Latest revision as of 05:29, 3 December 2011

Mariya Quibtiya

Final Project Report for Web Information Systems Class [CS475/675], Fall 2011
Instructor: Amit Sheth [1]
GTA: Ajith Ranabahu [2]
Mentors: Lu Chen [3] and Hemant Purohit [4]

Introduction

This work on Entity Identification and Classification focuses primarily on the identification of Proper names relevant to a specific event in a collection of tweets from Twitter, and then classifying them into a set of pre-defined categories of interest such as:

  • Person names (names of people)
  • Organization names (companies, government organizations, committees, etc.)
  • Location names (cities, countries etc.)
  • Miscellaneous names (such as, a specific date – 9/11, a facility – such as “Lokpal Bill”, time, monetary expressions, etc.)

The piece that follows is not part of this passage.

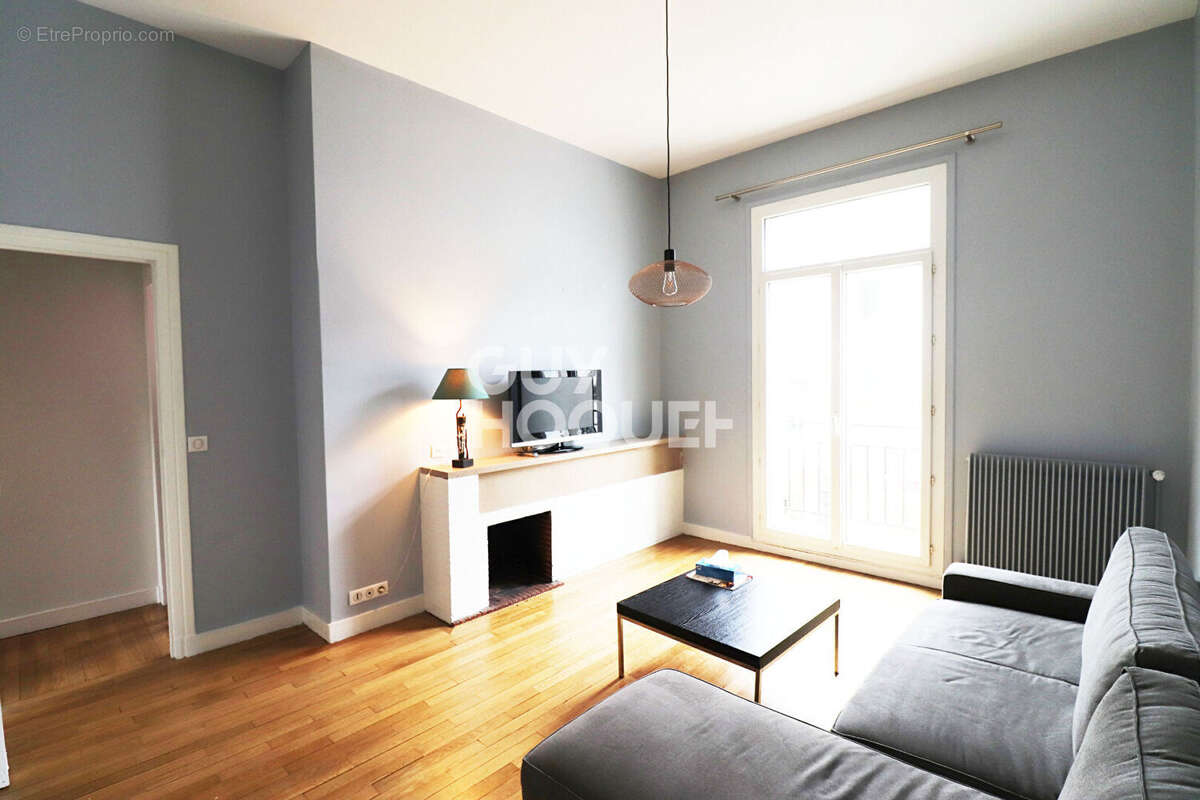 Appartement à TOURS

Since the advent of social media, we can find greater and greater involvement of people on various events happening all across the world. In the process, people talk about a number of entities related to a specific event on social media; and analysts want to have a deeper insight with respect to ‘what’ people are talking and ‘about whom’ they are talking. In order to know about the prominent entities in a particular event and the polarity of sentiments of people associated with those entities, with the future aim of knowing the influential entities related to a particular event - Identification and Classification of entities should be done in a very precise manner, and hence, in an unstructured context of tweets, the task of “Automated and Relevant Entity Extraction” becomes a challenging yet desirable task.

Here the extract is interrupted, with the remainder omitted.